Armstronglivs wrote:
You base your calculations on hypotheticals, without knowing how many tests are applied annually, and to how many athletes and how many tests per athlete on average. Your juggling figures is only that - playing with numbers. It obscures the known fact that doping exceeds the numbers caught and hence the only relevant question is by how much. That is where we are see a range of estimates. But what I also see is that you are coy about indicating what your position on that is: is doping largely confined to those caught or does it greatly exceed that figure, as many experts suggest?

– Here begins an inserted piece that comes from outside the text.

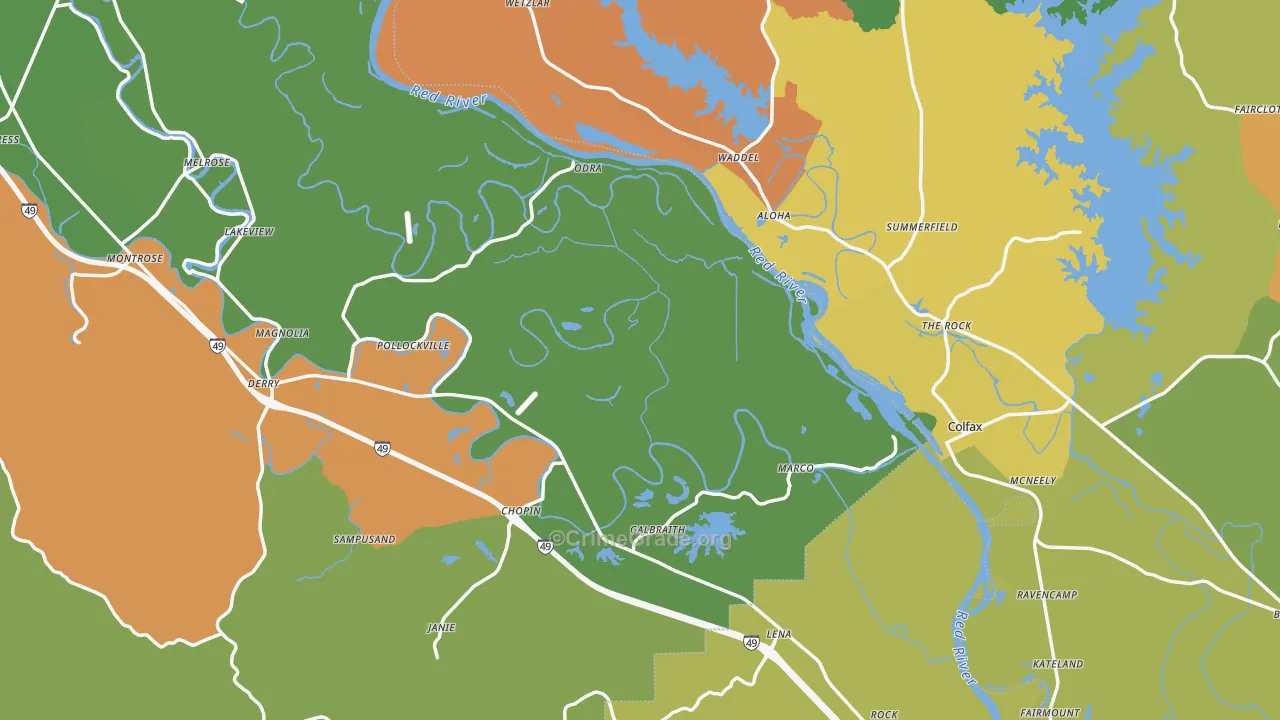 Gorum, LA Map of Burglary Rates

Also, it doesn't take multiple tests to catch a doper - it takes one. But most dopers know how to not fail tests, through masking and timing, so increased testing won't automatically result in more positive tests. When doping is conducted "professionally" the chances of being caught are greatly reduced. What is apparent about Kenya is that doping is mostly not at that level of sophistication. Hence, more are caught.
Once again, these are Sergei Iljukov's calculations, not mine.

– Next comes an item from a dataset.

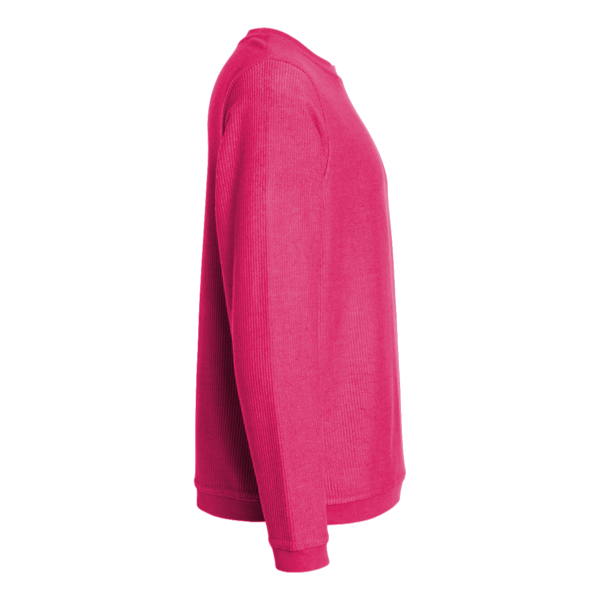 Boxercraft Unisex Corded Crewneck Sweatshirt, Cosmic Pink, Right Sleeve view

You seem to be missing the point. The mathematical exercise is to illustrate why 1-2% positive tests is not as bad as you seem to want to suggest. In the illustration, 2% positive tests catches 50% of the dopers, assuming 40% prevalence. If we knew and could substitute the real figures, we might not arrive at 50% of the dopers caught, but it also surely not as bad as only 1/20 or 1/40 dopers caught.
What am I coy about? I gave you two factors to go from tests to prevalence: "you would have to multiply by that factor of average number of tests to catch a doper, then divide by that fraction of dopers caught of the total dopers."